Today, I bring you David Jason.
I think my love for David Jason is increased dramatically by the fact that he shares a large physical resemblance with my own Dad. They both sort of look like loveable garden gnomes turned into the best kind of people. I think it's quite hard not to have some kind of increased affection for a stranger if they look (even just to you) like someone you really love.
I suppose Only Fools And Horses is my earliest contact with David Jason. It was the first TV show I ever cried at. The first in a line that was to grow overwhelmingly until it took in adverts, most films whatever the genre, and moving scenes I imagined while driving. Before that, I had never understood how people could cry at things on a screen... I was pretty young and I didn't understand the empathetic connection. Then I watched the episode where Granddad dies and Rodney is devastated and doesn't understand how Del Boy doesn't appear to care. I remember sitting down in between the gap in our two sofas (where I sat so I could suck my thumb without my parents seeing and asking me to stop) bawling silently at how awful it was for them.
I think the writing of Only Fools was exceptional, oh to have a script like that appear in my lap for me to attempt, and all credit there goes to John Sullivan. What a phenomenal talent for reality and people. However, that show could have easily been nothing in the hands of the wrong actors (exception being Cassandra who I never took to).
I hear a lot of people who describe The Royle Family as having been ground breaking for them because it was such an accurate portrayal of the life they knew. I never got the Royle Family, but in Only Fools I think I saw what they meant. Not that my family, in a sprawling house in rural Somerset, resembled the Trotters at all... but the way we interacted did. The constant banter, the insults and the complete inability to maintain a line of emotion for longer than strictly necessary.
The BFG was also a big hit with me... how clever, I thought, that the funny little man from Only Fools has got into a film?! Until recently (when I read his autobiography) I didn't really have any concept of the chronological order of his work, I can only write from the perspective of how and when I experienced them. I was amazed that someone from, what I thought was, a small English show could be in a film (I think I thought all films were probably American at that point).

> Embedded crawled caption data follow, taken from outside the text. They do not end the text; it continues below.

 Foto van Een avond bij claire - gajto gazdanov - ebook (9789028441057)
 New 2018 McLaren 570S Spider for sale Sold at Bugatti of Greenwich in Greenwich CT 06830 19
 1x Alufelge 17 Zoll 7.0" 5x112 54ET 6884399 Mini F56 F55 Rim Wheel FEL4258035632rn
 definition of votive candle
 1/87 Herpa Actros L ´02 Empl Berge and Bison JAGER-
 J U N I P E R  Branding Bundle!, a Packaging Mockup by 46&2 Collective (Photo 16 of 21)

Whizz Pop Whizz Bang was the most brilliant thing I'd ever seen and the disgusting nature of snozzcumbers cemented my long held belief that courgettes were ungodly and I was right to refuse to eat them however Mum served them to me.

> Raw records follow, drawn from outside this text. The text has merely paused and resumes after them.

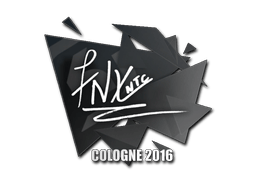 Naklejka | fnx | Kolonia 2016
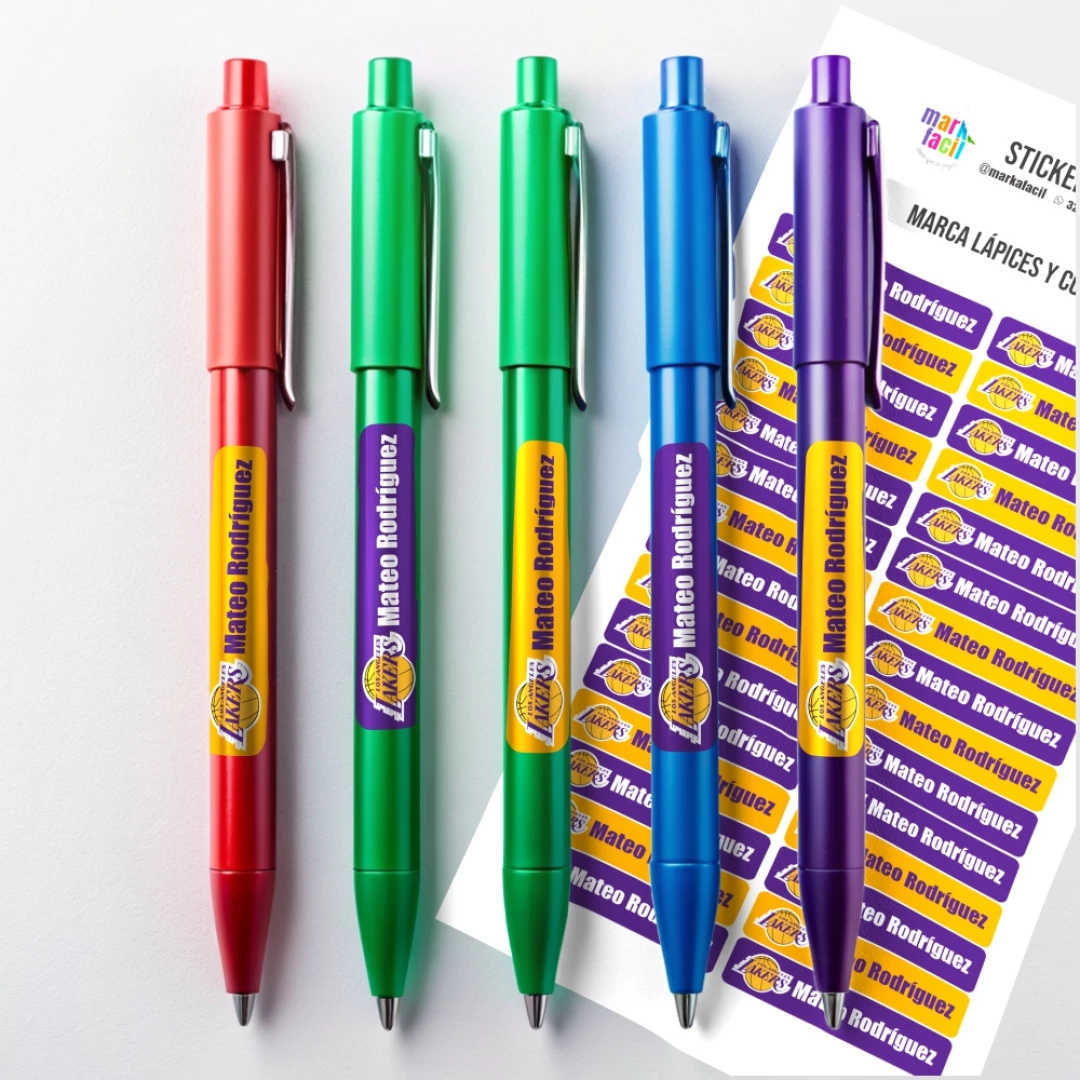 Marca LÁPICES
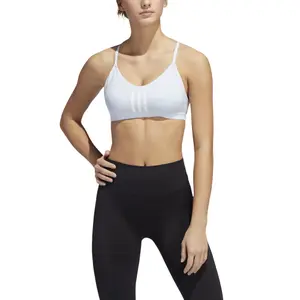 Sujetador adidas All Me 3-Stripes Mesh image-1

In my teens I found Frost quite difficult because, it felt to me, David Jason had aged far too quickly. Why was his hair white? Why was he grumpy and old? I suppose I must have wanted him to have been playing Del Boy in a different show and I had to grow up a lot before I could appreciate Frost for what it was and what he was doing.
Wherever David Jason turns up I am delighted - I adore him in the Colour of Magic. He is a comfort - something from the deepest depths of my childhood that will never fail to make me feel at home. His face is the face of Saturday nights at home on the sofa.
I can't remember where in my David Jason timeline I discovered Open All Hours. I presume it was around the time my older sister was at college because I know she got quite heavily into Porridge at that time and so we side stepped (via a long obsession with M*A*S*H) into Open All Hours as we discovered the behemoth of comedy talent that is Ronnie Barker. However he is a subject for another blog post.
Open All Hours was so adult and charming that I didn't understand it properly for a few years. How could you fancy Nurse Emmanuel? She didn't look like the people in television that were hankered after. Why didn't Granville just get a better job and therefore a better life? These were all questions that I was too naive to answer, but I loved the slapstick that surrounded Granville and I liked that my friend of Only Fools seemed to have gone back in time and I thought it must mean I had longer with him.
I read his autobiography this year and it was a good read... I suppose it's easy to write your own life how you like but I was pleased that he wrote to me as I expected him to be. The book has a sense of earnestness... it seemed to take him such a long time to get anywhere as an actor, and seemed to be an surprising path to him as well, my impression through the book was that he was continually delighted to be working and equal parts baffled at his success and delighted that his hard work was paying off.
I had no idea about the huge back catalogue of theatre work he had done, it being totally before my time, and I think his story is a brilliant endorsement of the non X-Factor approach. Nothing drives me more nuts than people on these God awful talent shows talking about "their one chance" I think it's a poisonous concept to plant in the minds of the viewers that there could be one chance and no option of just 10, 20, 30, 40 years of hard work to get you somewhere. I want to shake those people and say, "You know David Jason? Didn't really get anywhere until his 40s. One chance my foot."
Thanks David Jason... I get the feeling from reading your book that you did it all because you liked doing it, but just so you know I enjoyed it too as you went along. If you wouldn't mind carrying on, that'd be cushty.